I was browsing through the many spaces on Hugging Face recently and found this interesting one that claims to be able to convert any text-based article into a simulated podcast featuring two AI speakers who take turns speaking.
It uses a range of open source technologies including Jina AI’s Reader for parsing URL queries to AI-friendly text, the large language model Hermes-2-Pro-Llama-3-8B by Nous Research for function calling support, and the multilingual text-to-speech library MeloTTS by MyShell to generate the actual voices.
At first I tried pasting in the Wikipedia article for AI but that brought up an error. Sensing that perhaps length could be the issue, I tried the same with the much shorter Simple English version but still got the same error. But trying a third time with an earlier article I wrote for this blog about generative AI ended up working!
Here is the result of that experiment (unlike a normal podcast, it’s only 80 seconds long).

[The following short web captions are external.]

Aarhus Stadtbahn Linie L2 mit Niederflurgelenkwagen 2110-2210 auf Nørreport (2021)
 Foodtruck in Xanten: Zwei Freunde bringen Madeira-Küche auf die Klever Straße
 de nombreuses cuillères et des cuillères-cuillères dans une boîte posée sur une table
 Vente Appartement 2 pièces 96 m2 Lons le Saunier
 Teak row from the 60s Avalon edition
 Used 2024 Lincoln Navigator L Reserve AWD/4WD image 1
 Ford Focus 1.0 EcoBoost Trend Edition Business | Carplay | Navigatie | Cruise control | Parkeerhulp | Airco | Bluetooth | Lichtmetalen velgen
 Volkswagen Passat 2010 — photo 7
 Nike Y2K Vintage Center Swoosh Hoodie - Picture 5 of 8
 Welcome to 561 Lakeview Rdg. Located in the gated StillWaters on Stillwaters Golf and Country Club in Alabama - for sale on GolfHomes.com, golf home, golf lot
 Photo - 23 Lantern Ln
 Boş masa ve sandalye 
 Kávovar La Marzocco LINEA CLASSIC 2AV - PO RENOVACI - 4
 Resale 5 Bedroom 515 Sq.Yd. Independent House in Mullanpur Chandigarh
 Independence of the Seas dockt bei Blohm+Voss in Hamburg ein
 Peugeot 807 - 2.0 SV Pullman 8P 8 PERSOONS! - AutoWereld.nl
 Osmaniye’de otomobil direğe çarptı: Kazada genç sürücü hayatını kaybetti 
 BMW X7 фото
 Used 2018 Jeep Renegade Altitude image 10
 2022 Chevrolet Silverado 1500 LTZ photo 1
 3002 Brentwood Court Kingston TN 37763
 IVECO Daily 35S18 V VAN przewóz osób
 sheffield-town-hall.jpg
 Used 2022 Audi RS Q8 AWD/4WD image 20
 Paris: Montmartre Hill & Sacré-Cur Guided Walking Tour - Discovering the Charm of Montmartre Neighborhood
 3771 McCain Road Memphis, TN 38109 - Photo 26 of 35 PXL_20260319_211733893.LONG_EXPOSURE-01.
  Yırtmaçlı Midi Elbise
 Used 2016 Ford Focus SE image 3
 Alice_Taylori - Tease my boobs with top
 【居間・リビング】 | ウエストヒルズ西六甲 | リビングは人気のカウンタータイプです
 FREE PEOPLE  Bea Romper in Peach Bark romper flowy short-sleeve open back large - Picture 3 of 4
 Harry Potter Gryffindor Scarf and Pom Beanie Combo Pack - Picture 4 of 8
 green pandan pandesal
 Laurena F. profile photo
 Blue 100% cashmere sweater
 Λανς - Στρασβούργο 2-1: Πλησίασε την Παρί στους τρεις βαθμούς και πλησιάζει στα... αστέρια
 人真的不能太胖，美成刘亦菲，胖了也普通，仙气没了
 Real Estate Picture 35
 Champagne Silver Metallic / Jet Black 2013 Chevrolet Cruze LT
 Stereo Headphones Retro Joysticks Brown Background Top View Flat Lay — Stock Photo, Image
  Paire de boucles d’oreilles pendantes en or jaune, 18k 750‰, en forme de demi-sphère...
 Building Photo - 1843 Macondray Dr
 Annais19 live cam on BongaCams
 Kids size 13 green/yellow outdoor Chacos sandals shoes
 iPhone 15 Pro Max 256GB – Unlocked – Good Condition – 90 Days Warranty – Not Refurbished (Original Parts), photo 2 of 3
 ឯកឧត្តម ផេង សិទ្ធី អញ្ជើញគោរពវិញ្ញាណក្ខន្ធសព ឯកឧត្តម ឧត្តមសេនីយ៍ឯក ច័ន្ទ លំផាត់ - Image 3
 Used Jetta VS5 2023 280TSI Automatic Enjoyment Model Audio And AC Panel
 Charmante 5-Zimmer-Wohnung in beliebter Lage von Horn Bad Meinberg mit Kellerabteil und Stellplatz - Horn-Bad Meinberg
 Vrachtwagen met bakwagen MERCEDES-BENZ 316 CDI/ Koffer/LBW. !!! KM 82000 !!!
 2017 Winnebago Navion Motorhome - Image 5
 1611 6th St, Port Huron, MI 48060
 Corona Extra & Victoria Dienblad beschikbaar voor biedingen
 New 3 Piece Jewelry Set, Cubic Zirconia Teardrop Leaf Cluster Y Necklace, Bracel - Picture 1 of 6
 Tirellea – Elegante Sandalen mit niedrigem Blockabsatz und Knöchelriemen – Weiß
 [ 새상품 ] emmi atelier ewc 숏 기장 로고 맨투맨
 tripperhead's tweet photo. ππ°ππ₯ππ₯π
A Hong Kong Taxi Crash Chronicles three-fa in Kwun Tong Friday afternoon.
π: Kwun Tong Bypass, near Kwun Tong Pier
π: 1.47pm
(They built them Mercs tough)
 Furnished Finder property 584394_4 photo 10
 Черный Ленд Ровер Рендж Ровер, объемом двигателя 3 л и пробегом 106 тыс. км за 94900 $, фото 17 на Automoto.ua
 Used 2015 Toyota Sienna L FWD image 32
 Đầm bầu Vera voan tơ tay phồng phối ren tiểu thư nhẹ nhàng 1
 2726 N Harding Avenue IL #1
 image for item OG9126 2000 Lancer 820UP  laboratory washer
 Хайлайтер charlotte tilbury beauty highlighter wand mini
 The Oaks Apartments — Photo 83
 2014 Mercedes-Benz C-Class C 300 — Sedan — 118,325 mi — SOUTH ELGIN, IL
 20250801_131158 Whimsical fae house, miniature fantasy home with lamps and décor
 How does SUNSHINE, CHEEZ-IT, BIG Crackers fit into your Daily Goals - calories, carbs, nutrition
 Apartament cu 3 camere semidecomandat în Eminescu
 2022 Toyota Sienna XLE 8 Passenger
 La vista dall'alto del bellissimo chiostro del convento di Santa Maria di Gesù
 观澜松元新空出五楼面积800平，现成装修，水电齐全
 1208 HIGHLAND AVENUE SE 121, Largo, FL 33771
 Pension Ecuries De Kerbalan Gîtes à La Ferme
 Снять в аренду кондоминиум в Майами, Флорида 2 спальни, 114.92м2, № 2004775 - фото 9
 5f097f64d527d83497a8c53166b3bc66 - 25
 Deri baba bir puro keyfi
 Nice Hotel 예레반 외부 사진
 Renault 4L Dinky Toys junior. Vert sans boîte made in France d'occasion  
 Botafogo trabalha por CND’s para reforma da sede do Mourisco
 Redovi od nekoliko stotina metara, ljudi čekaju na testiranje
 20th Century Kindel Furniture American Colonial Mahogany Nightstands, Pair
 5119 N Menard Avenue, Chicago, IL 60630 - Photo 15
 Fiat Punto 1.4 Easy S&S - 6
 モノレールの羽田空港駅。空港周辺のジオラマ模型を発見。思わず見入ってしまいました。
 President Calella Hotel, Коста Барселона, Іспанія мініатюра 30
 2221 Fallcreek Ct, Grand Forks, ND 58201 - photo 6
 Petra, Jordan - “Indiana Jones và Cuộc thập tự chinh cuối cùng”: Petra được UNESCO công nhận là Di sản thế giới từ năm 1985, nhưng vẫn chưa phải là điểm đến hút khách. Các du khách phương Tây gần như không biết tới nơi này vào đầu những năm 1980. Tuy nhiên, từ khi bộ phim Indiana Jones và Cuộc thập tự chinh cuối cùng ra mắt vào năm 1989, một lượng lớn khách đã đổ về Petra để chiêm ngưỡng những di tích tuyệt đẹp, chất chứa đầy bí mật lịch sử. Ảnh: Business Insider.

As you can see, it’s not perfect. The voices are still somewhat robotic-sounding and some of the pronunciations are wrong. But it’s still a very interesting technology. I can see tools like this being useful for those who don’t want to read through pages upon pages of text but would rather get the gist of a subject while waiting in traffic or riding the bus, etc. That being said, a big part of the appeal of podcasts is that they’re actually entertaining to listen to, and I don’t think this AI is quite there yet.
And finally, after this post has been published, I will ask Podcastify to generate a new podcast episode based on it – making this the world’s first self-referential podcast episode!